### MATERIAL PROVIDED:
□ □ □
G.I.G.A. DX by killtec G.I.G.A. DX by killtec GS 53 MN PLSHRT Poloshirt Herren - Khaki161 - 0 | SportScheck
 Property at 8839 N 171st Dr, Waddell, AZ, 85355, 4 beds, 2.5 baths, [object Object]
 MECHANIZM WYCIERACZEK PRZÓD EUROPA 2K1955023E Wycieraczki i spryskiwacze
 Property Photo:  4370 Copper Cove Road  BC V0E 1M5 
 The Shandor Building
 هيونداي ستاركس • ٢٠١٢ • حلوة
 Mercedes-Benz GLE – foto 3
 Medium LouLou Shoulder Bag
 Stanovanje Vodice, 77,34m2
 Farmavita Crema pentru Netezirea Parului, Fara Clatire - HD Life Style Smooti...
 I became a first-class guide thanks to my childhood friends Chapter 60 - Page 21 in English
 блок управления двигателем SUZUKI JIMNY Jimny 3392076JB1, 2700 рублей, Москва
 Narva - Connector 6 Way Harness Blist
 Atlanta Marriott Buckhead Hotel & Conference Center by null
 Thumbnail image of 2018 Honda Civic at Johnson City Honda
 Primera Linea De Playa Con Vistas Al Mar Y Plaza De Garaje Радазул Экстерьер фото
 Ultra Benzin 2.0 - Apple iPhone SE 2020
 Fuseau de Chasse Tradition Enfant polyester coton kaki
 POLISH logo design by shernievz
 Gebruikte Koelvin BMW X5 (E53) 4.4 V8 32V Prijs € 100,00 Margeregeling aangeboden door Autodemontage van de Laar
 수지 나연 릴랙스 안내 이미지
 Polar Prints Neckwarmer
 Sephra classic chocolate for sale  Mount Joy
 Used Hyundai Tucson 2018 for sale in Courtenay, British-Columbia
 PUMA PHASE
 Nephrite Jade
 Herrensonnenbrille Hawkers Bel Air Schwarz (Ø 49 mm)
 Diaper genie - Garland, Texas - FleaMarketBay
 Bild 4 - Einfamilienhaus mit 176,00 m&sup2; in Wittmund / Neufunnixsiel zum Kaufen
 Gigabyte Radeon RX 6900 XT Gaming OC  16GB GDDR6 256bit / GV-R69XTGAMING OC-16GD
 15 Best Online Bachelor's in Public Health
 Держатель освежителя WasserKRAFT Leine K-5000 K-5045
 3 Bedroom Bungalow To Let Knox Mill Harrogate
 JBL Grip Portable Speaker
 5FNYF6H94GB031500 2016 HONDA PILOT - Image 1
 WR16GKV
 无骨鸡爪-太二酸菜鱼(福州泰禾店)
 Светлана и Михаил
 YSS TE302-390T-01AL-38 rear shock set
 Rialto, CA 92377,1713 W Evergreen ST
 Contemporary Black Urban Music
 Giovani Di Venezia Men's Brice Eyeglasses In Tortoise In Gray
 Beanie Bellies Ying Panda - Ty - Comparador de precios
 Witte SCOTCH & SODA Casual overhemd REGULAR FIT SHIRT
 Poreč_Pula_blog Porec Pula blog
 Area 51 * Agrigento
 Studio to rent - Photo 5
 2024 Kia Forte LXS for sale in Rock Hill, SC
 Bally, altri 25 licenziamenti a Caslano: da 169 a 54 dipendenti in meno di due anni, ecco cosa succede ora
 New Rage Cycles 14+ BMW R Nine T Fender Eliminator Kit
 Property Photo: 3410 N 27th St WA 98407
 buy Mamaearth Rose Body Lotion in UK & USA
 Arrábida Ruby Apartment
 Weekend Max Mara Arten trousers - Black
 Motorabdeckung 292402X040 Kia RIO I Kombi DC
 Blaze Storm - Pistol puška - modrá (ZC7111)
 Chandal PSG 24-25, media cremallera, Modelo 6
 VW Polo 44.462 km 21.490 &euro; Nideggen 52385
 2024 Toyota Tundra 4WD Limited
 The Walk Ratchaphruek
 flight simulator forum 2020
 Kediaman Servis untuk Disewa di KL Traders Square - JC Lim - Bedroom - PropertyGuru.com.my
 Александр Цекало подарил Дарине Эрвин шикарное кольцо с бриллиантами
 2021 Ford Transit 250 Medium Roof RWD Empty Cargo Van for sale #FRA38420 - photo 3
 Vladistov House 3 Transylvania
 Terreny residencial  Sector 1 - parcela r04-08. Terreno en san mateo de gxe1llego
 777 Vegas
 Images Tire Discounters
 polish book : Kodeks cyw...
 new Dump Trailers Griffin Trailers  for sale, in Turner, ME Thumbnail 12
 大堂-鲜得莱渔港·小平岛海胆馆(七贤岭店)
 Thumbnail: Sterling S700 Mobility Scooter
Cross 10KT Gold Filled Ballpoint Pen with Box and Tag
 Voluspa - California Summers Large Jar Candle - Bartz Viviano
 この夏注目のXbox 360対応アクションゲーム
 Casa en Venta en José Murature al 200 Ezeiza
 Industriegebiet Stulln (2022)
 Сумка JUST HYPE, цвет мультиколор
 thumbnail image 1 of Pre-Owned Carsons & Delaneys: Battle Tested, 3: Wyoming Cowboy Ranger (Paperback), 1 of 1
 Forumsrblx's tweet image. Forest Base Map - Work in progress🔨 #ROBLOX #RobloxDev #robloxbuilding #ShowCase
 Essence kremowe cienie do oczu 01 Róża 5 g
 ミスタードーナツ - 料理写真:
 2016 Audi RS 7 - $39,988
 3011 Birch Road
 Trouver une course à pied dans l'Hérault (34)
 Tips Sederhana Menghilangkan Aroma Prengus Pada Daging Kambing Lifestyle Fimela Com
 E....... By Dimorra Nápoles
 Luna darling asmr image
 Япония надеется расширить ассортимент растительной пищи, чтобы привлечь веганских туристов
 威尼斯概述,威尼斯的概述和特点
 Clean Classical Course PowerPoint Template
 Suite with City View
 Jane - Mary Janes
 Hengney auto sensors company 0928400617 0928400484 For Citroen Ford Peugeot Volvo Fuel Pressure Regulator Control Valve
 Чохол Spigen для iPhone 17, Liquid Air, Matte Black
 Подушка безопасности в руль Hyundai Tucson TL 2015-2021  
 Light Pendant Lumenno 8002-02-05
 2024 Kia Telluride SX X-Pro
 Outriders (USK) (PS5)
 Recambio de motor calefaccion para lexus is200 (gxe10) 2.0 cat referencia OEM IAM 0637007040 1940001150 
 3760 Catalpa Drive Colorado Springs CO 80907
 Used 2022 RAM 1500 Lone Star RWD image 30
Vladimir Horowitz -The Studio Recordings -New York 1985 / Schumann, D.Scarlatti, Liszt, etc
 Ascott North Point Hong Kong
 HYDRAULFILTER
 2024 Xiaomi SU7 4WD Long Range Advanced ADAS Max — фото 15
□ □ □
### TASK DIRECTIONS:
Line by line, retype all of the entries.

### RESULT OF THIS TASK:
G.I.G.A. DX by killtec G.I.G.A. DX by killtec GS 53 MN PLSHRT Poloshirt Herren - Khaki161 - 0 | SportScheck
 Property at 8839 N 171st Dr, Waddell, AZ, 85355, 4 beds, 2.5 baths, [object Object]
 MECHANIZM WYCIERACZEK PRZÓD EUROPA 2K1955023E Wycieraczki i spryskiwacze
 Property Photo:  4370 Copper Cove Road  BC V0E 1M5 
 The Shandor Building
 هيونداي ستاركس • ٢٠١٢ • حلوة
 Mercedes-Benz GLE – foto 3
 Medium LouLou Shoulder Bag
 Stanovanje Vodice, 77,34m2
 Farmavita Crema pentru Netezirea Parului, Fara Clatire - HD Life Style Smooti...
 I became a first-class guide thanks to my childhood friends Chapter 60 - Page 21 in English
 блок управления двигателем SUZUKI JIMNY Jimny 3392076JB1, 2700 рублей, Москва
 Narva - Connector 6 Way Harness Blist
 Atlanta Marriott Buckhead Hotel & Conference Center by null
 Thumbnail image of 2018 Honda Civic at Johnson City Honda
 Primera Linea De Playa Con Vistas Al Mar Y Plaza De Garaje Радазул Экстерьер фото
 Ultra Benzin 2.0 - Apple iPhone SE 2020
 Fuseau de Chasse Tradition Enfant polyester coton kaki
 POLISH logo design by shernievz
 Gebruikte Koelvin BMW X5 (E53) 4.4 V8 32V Prijs € 100,00 Margeregeling aangeboden door Autodemontage van de Laar
 수지 나연 릴랙스 안내 이미지
 Polar Prints Neckwarmer
 Sephra classic chocolate for sale  Mount Joy
 Used Hyundai Tucson 2018 for sale in Courtenay, British-Columbia
 PUMA PHASE
 Nephrite Jade
 Herrensonnenbrille Hawkers Bel Air Schwarz (Ø 49 mm)
 Diaper genie - Garland, Texas - FleaMarketBay
 Bild 4 - Einfamilienhaus mit 176,00 m&sup2; in Wittmund / Neufunnixsiel zum Kaufen
 Gigabyte Radeon RX 6900 XT Gaming OC  16GB GDDR6 256bit / GV-R69XTGAMING OC-16GD
 15 Best Online Bachelor's in Public Health
 Держатель освежителя WasserKRAFT Leine K-5000 K-5045
 3 Bedroom Bungalow To Let Knox Mill Harrogate
 JBL Grip Portable Speaker
 5FNYF6H94GB031500 2016 HONDA PILOT - Image 1
 WR16GKV
 无骨鸡爪-太二酸菜鱼(福州泰禾店)
 Светлана и Михаил
 YSS TE302-390T-01AL-38 rear shock set
 Rialto, CA 92377,1713 W Evergreen ST
 Contemporary Black Urban Music
 Giovani Di Venezia Men's Brice Eyeglasses In Tortoise In Gray
 Beanie Bellies Ying Panda - Ty - Comparador de precios
 Witte SCOTCH & SODA Casual overhemd REGULAR FIT SHIRT
 Poreč_Pula_blog Porec Pula blog
 Area 51 * Agrigento
 Studio to rent - Photo 5
 2024 Kia Forte LXS for sale in Rock Hill, SC
 Bally, altri 25 licenziamenti a Caslano: da 169 a 54 dipendenti in meno di due anni, ecco cosa succede ora
 New Rage Cycles 14+ BMW R Nine T Fender Eliminator Kit
 Property Photo: 3410 N 27th St WA 98407
 buy Mamaearth Rose Body Lotion in UK & USA
 Arrábida Ruby Apartment
 Weekend Max Mara Arten trousers - Black
 Motorabdeckung 292402X040 Kia RIO I Kombi DC
 Blaze Storm - Pistol puška - modrá (ZC7111)
 Chandal PSG 24-25, media cremallera, Modelo 6
 VW Polo 44.462 km 21.490 &euro; Nideggen 52385
 2024 Toyota Tundra 4WD Limited
 The Walk Ratchaphruek
 flight simulator forum 2020
 Kediaman Servis untuk Disewa di KL Traders Square - JC Lim - Bedroom - PropertyGuru.com.my
 Александр Цекало подарил Дарине Эрвин шикарное кольцо с бриллиантами
 2021 Ford Transit 250 Medium Roof RWD Empty Cargo Van for sale #FRA38420 - photo 3
 Vladistov House 3 Transylvania
 Terreny residencial  Sector 1 - parcela r04-08. Terreno en san mateo de gxe1llego
 777 Vegas
 Images Tire Discounters
 polish book : Kodeks cyw...
 new Dump Trailers Griffin Trailers  for sale, in Turner, ME Thumbnail 12
 大堂-鲜得莱渔港·小平岛海胆馆(七贤岭店)
 Thumbnail: Sterling S700 Mobility Scooter
Cross 10KT Gold Filled Ballpoint Pen with Box and Tag
 Voluspa - California Summers Large Jar Candle - Bartz Viviano
 この夏注目のXbox 360対応アクションゲーム
 Casa en Venta en José Murature al 200 Ezeiza
 Industriegebiet Stulln (2022)
 Сумка JUST HYPE, цвет мультиколор
 thumbnail image 1 of Pre-Owned Carsons & Delaneys: Battle Tested, 3: Wyoming Cowboy Ranger (Paperback), 1 of 1
 Forumsrblx's tweet image. Forest Base Map - Work in progress🔨 #ROBLOX #RobloxDev #robloxbuilding #ShowCase
 Essence kremowe cienie do oczu 01 Róża 5 g
 ミスタードーナツ - 料理写真:
 2016 Audi RS 7 - $39,988
 3011 Birch Road
 Trouver une course à pied dans l'Hérault (34)
 Tips Sederhana Menghilangkan Aroma Prengus Pada Daging Kambing Lifestyle Fimela Com
 E....... By Dimorra Nápoles
 Luna darling asmr image
 Япония надеется расширить ассортимент растительной пищи, чтобы привлечь веганских туристов
 威尼斯概述,威尼斯的概述和特点
 Clean Classical Course PowerPoint Template
 Suite with City View
 Jane - Mary Janes
 Hengney auto sensors company 0928400617 0928400484 For Citroen Ford Peugeot Volvo Fuel Pressure Regulator Control Valve
 Чохол Spigen для iPhone 17, Liquid Air, Matte Black
 Подушка безопасности в руль Hyundai Tucson TL 2015-2021  
 Light Pendant Lumenno 8002-02-05
 2024 Kia Telluride SX X-Pro
 Outriders (USK) (PS5)
 Recambio de motor calefaccion para lexus is200 (gxe10) 2.0 cat referencia OEM IAM 0637007040 1940001150 
 3760 Catalpa Drive Colorado Springs CO 80907
 Used 2022 RAM 1500 Lone Star RWD image 30
Vladimir Horowitz -The Studio Recordings -New York 1985 / Schumann, D.Scarlatti, Liszt, etc
 Ascott North Point Hong Kong
 HYDRAULFILTER
 2024 Xiaomi SU7 4WD Long Range Advanced ADAS Max — фото 15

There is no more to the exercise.